Technically impossible or not its the final result that we see. So why assume I wouldnt consider it to have been impossible? Simply lifting the camera a few inches would have gotten over the straw and replaced it with beach. Not rocket science. Maybe he wanted and liked the straw. Its not my pic and I only commented on my feelings about it.


----------



## manaheim (Jun 19, 2010)

Bynx said:


> Technically impossible or not its the final result that we see. So why assume I wouldnt consider it to have been impossible? Simply lifting the camera a few inches would have gotten over the straw and replaced it with beach. Not rocket science. Maybe he wanted and liked the straw. Its not my pic and I only commented on my feelings about it.



Well him "maybe wanting it" was kinda my original point when I was saying that your comment about "everything should be in focus" was over broad, and also just my opinion.


----------



## c.cloudwalker (Jun 19, 2010)

manaheim said:


> Bynx said:
> 
> 
> > Technically impossible or not its the final result that we see. So why assume I wouldnt consider it to have been impossible? Simply lifting the camera a few inches would have gotten over the straw and replaced it with beach. Not rocket science. Maybe he wanted and liked the straw.
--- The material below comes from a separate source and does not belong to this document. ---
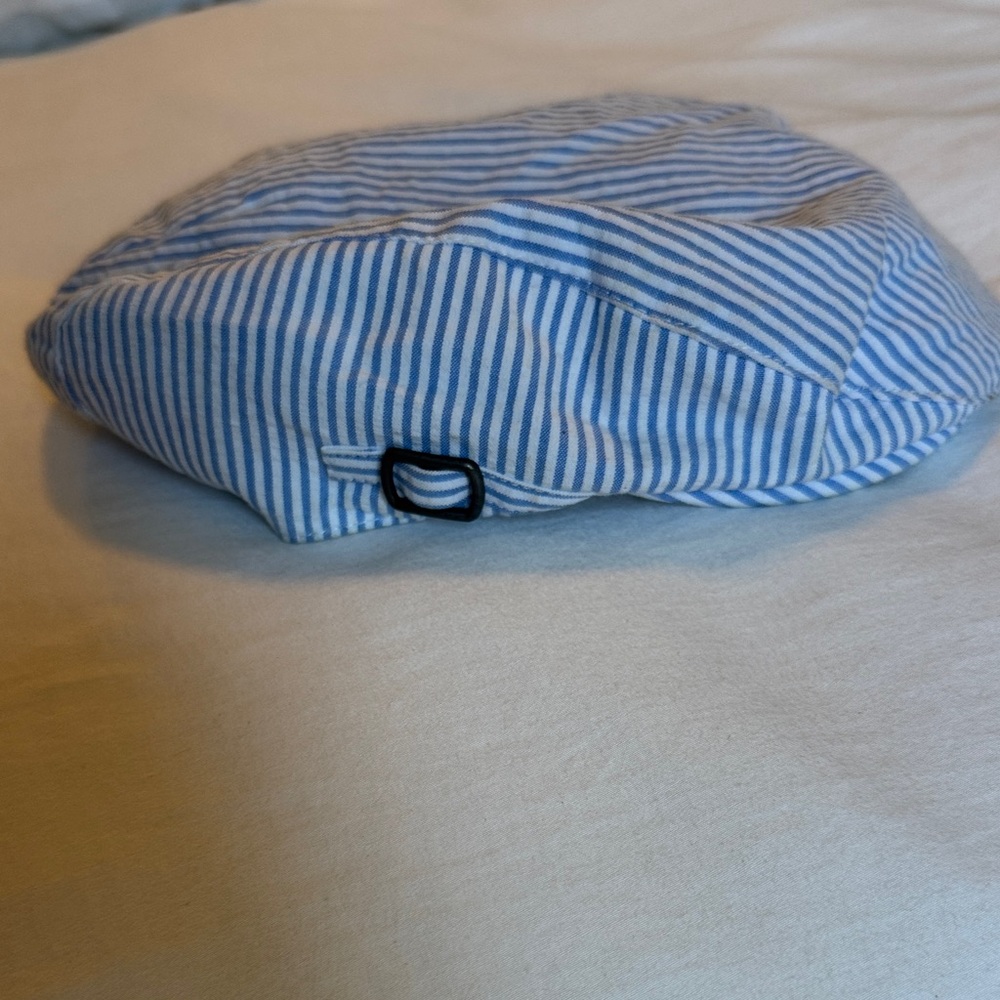 Janie and Jack Blue and White Striped Beret 2t to 3 - Picture 2 of 2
Its not my pic and I only commented on my feelings about it.
> ...



:thumbup:

Talk about selective illiterate-dom. :lmao:

Whatever I say, I will make it work... Sure. Whatever. Who cares if by lifting the camera a couple inches I get a totally different photo?

Very nice translation of what I said Mr. Bynx but it was in English and didn't need to be translated. If you could read you may have realized it wasn't an attack on you. Just a disagreement.

If you can't take a disagreement, maybe you don't belong in the art world.

My apologies to the OP for this ridiculousness.


----------